<<<<
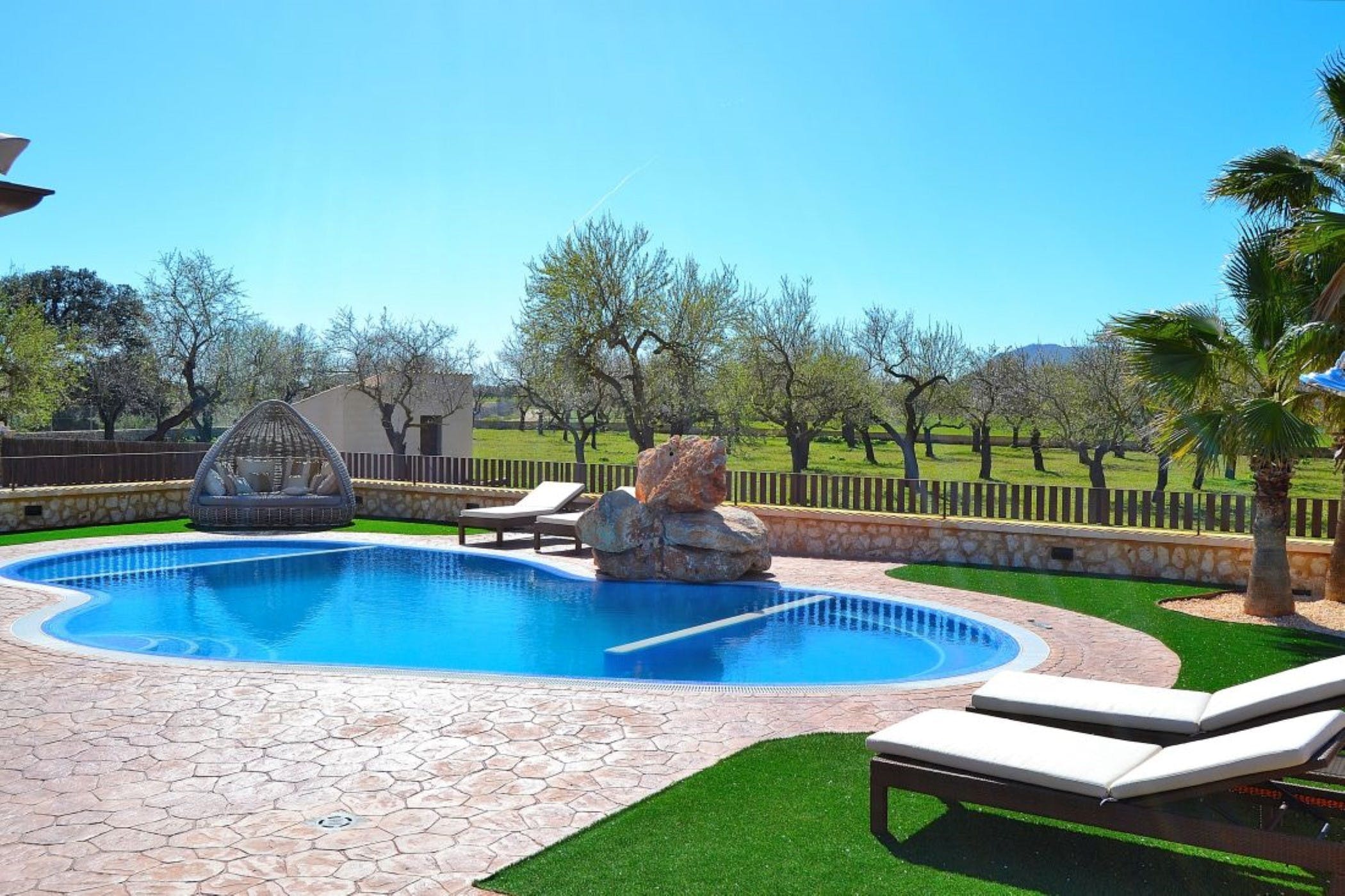 Villa Mestral Búger Raiguer: Seaview 4-Bedroom Apartment with Pool, Mallorca
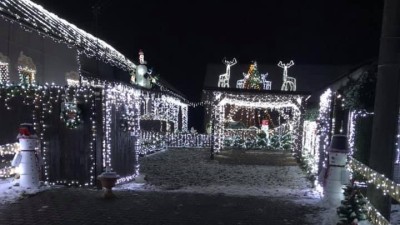 foto zdroj Osvětlen&yacute; dům Libě&scaron;any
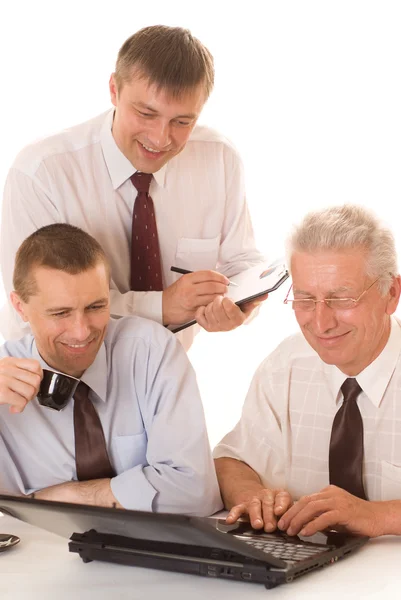 Drie zakenmensen werken — Stockfoto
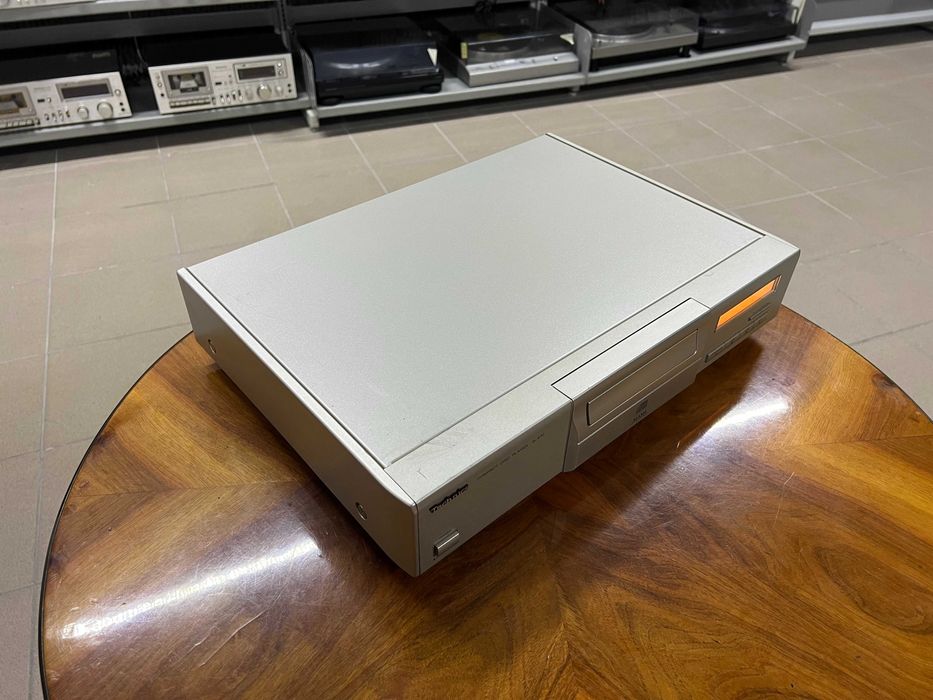 Odtwarzacz płyt CD Technics SL-E10 Audio Room
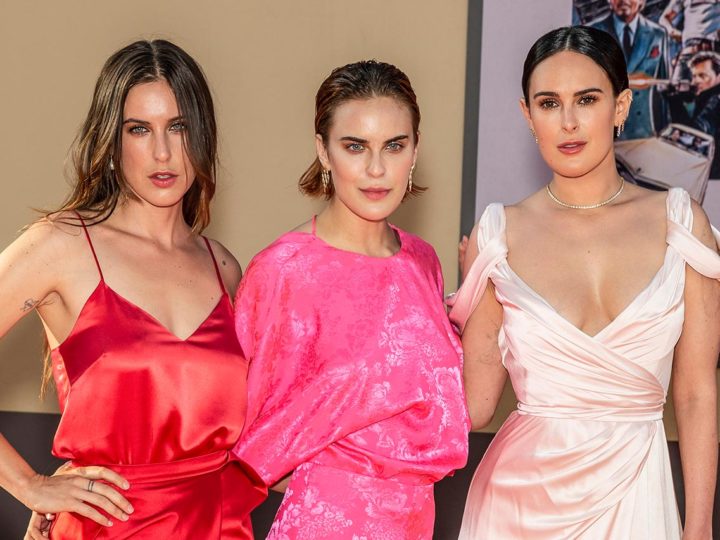 Demi Moore și fiicele ei, pictorial de senzație. Rumer Willis, fără haine, în ipostaze fierbinți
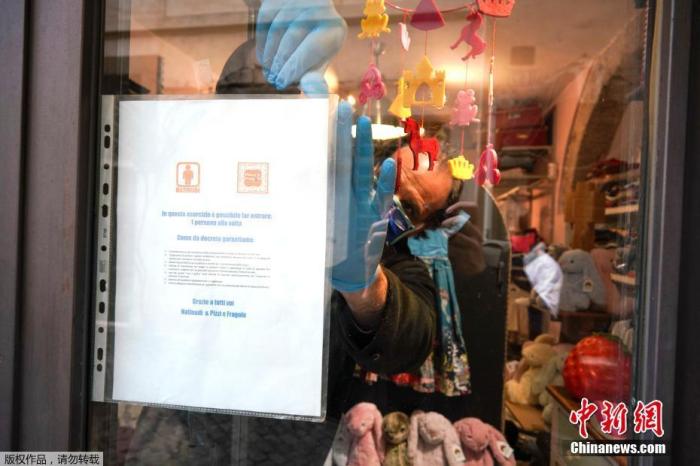 当地时间4月14日，意大利罗马，Gianfranco Mandas在他的商店橱窗上贴了一个店内已采取安全措施的说明。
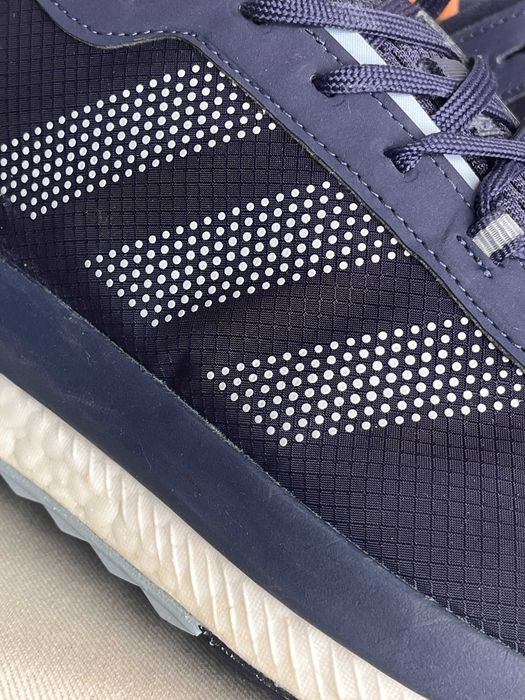 adidas Avryn  r. 44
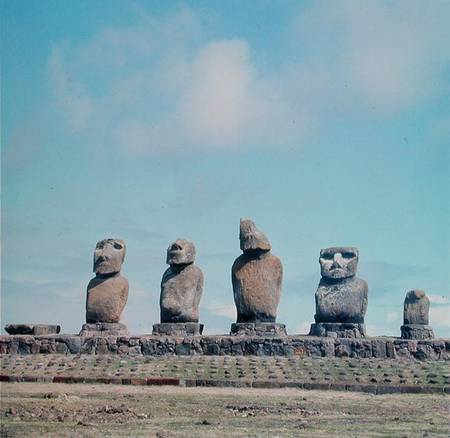 Monumental figures or moai on a ceremonial platform or ahusPolynesian à Anonyme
>>>>
- WORK REQUIRED: Set down the entries above again exactly, minus any image.

- TASK ANSWER:
 Villa Mestral Búger Raiguer: Seaview 4-Bedroom Apartment with Pool, Mallorca
 foto zdroj Osvětlen&yacute; dům Libě&scaron;any
 Drie zakenmensen werken — Stockfoto
 Odtwarzacz płyt CD Technics SL-E10 Audio Room
 Demi Moore și fiicele ei, pictorial de senzație. Rumer Willis, fără haine, în ipostaze fierbinți
 当地时间4月14日，意大利罗马，Gianfranco Mandas在他的商店橱窗上贴了一个店内已采取安全措施的说明。
 adidas Avryn  r. 44
 Monumental figures or moai on a ceremonial platform or ahusPolynesian à Anonyme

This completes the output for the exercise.